使用 XPath 查找最上面的元素

Question

In XPath, I know I can select all following elements with /following::* , however I'd like to avoid also selecting the children contained within any following elements.在 XPath 中，我知道我可以 select 以下所有元素都带有/following::* ，但是我想避免也选择包含在以下任何元素中的子元素。

For example, given this document:例如，给定这个文档：

<body>
    <div id="div1">
        <p id="p1">...</p>
        <p id="p2">
            <span id="span1"></span>
            <span id="span2"><i id="i1">...</i></span>
        </p>
        <p id="p3">...</p>
    </div>
    <div id="div2">
        <p id="p4">...</p>
        <p id="p5">...</p>
    </div>
</body>

If I have span1 selected, I would like to select span2 (but not i1 ), p3 , and div2 (but not p4 or p5 ).如果我选择了span1 ，我想 select span2 （但不是i1 ）、 p3和div2 （但不是p4或p5 ）。
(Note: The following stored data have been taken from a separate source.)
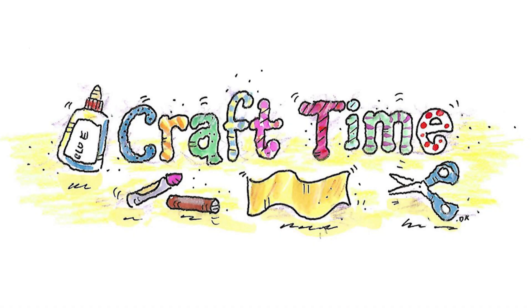It's craft time! Today we're going to make telescopes. What you need for this activity is a paper towel tube, some colored tape, and some colored paper. I have some blue colored paper that I'm going to use, and scissors and crayons.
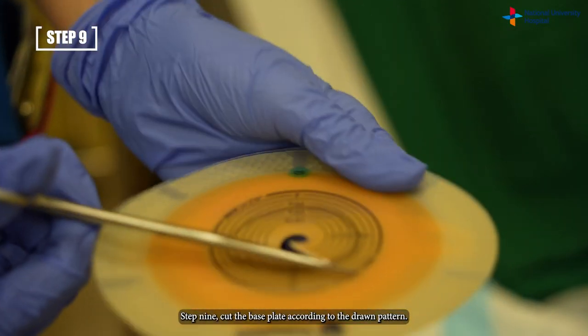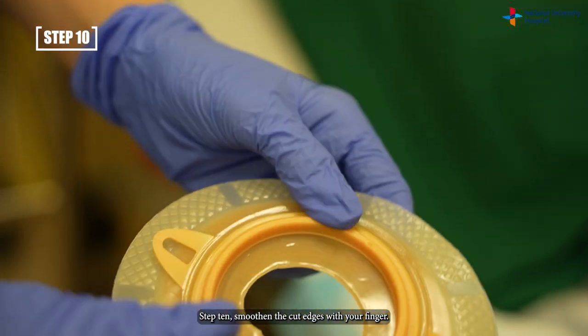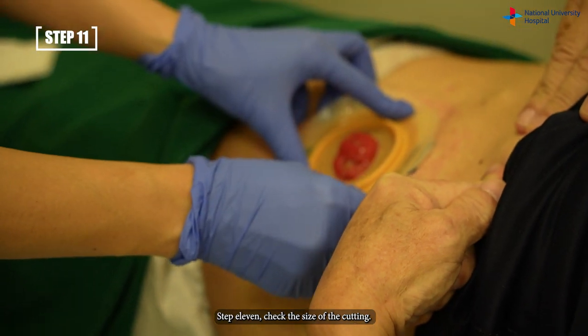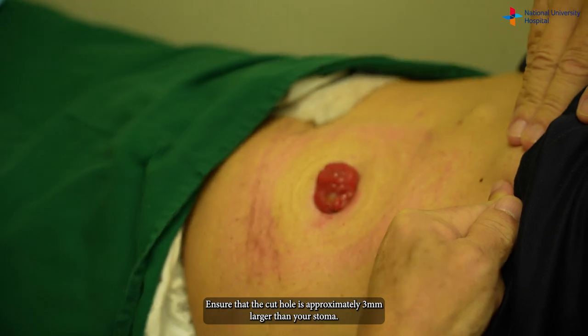Step nine: cut the base plate according to the drawn pattern. Step ten: smoothen the cut edges with your finger. Step eleven: check the size of the cutting. Ensure that the cut hole is approximately 3mm larger than your stoma.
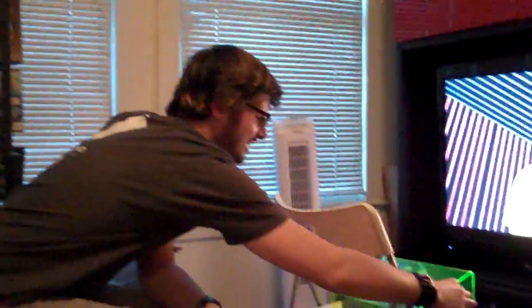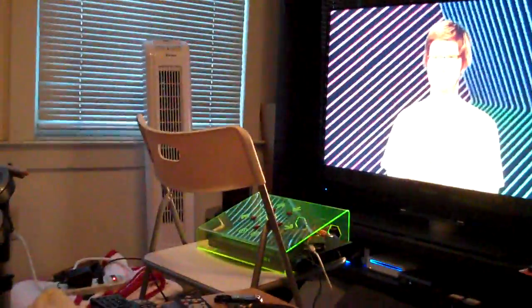Beautiful! This is the implementation of the code-breaking DVD player. What we have is an Arduino tied into an IR transmitter, which is taped over the IR receiver of a DVD player. That Arduino has been programmed with the commands from the remote control of the DVD player.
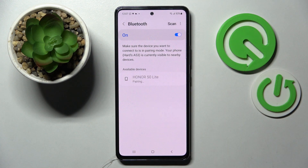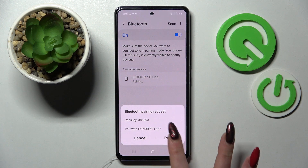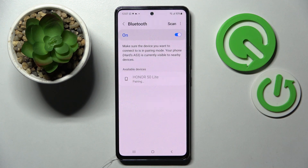In my case this is the owner. Now wait for the popup to show up and when it does, select Pair. Then wait for the other device to accept your connection request.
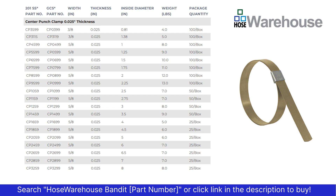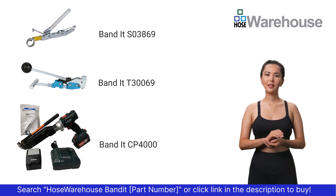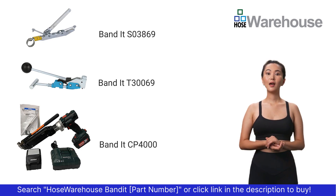You can find the size clamp you need by using the inside diameter. To attach center punch clamps, Bandit tools include the S03869 pocket style tool, the T30069 heavy duty tool, and the CP400 cordless center punch tool.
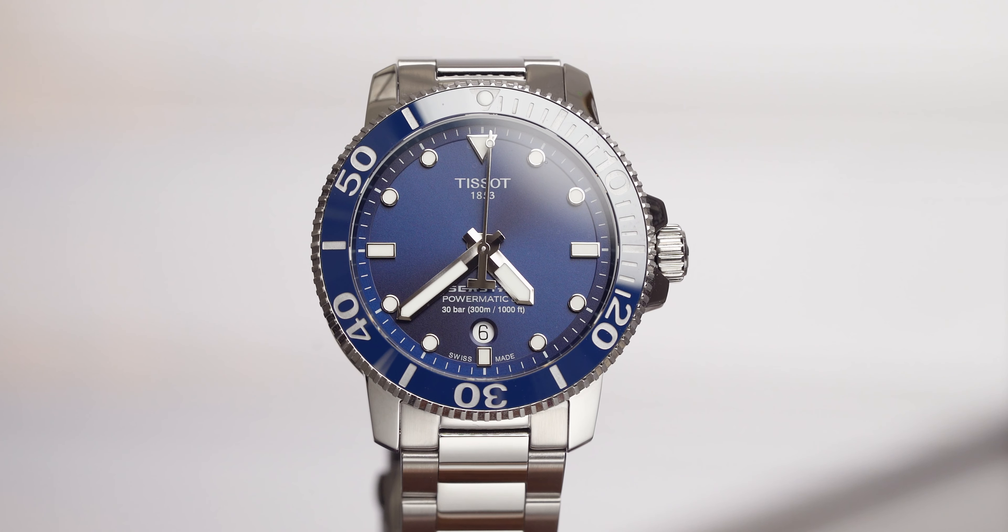Sitting right beside me is the new Tissot C-Star. I picked up my pug mug instead of the Tissot C-Star. Let's just talk about it.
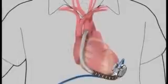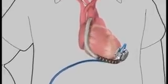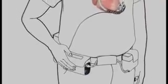The driveline cable, constructed with fatigue-resistant conductor wires similar to those used in pacemakers, exits the skin and connects the implanted pump to an externally worn controller.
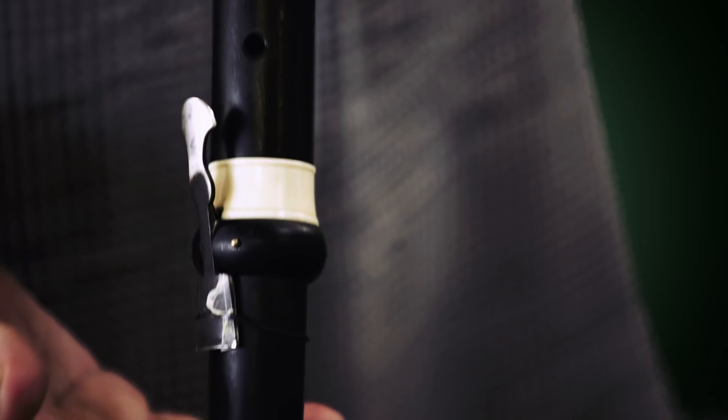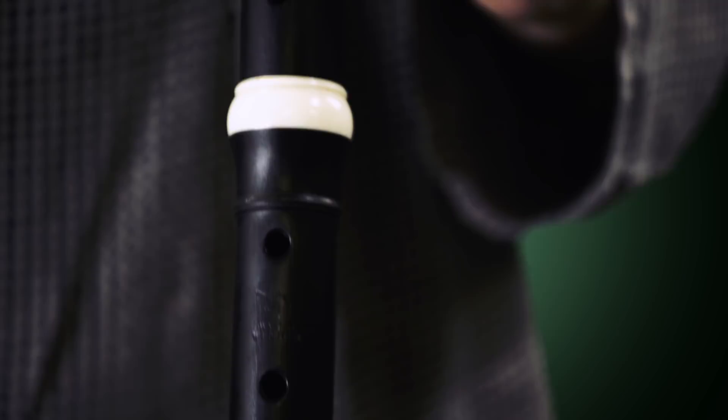I'd like to introduce my Baroque flute, the flute I use in OAE for playing Bach, Handel, Rameau and similar composers. It's made of grenadilla wood and it's about 10 years old. It was made in South Germany by Martin Wenner and it's a copy of an original instrument from the mid-18th century made by Carlo Palanca who lived in Turin.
In Python, my code might look something like:在 Python 中，我的代码可能类似于：

>>> lxml.html.fromstring(document).xpath('//*[@id="span1"]/following::*')
[<Element span at 0x1082bd680>,
 <Element i at 0x1082bd4f0>,
 <Element p at 0x1082bd770>,
 <Element div at 0x1082bd360>,
 <Element p at 0x1082bd7c0>,
 <Element p at 0x1082bdef0>]

But what I'd like to have returned is:但我想要返回的是：

[<Element span at 0x1082bd680>,
 <Element p at 0x1082bd770>,
 <Element div at 0x1082bd360>]

EDIT: @kjhughes answer got me 90% of the way there.编辑：@kjhughes 的回答让我走了 90% 的路。 Because the real life example might not have a ID that I can easily use to match, I ended up writing code like:因为现实生活中的示例可能没有我可以轻松使用的 ID 来匹配，所以我最终编写了如下代码：

find_following = lxml.html.etree.XPath(
    "following::*[not(../preceding::*[. = node()])]"
)

Answer 1

This XPath,此 XPath，

//*[@id="span1"]/following::*[not(../preceding::*[@id="span1"])]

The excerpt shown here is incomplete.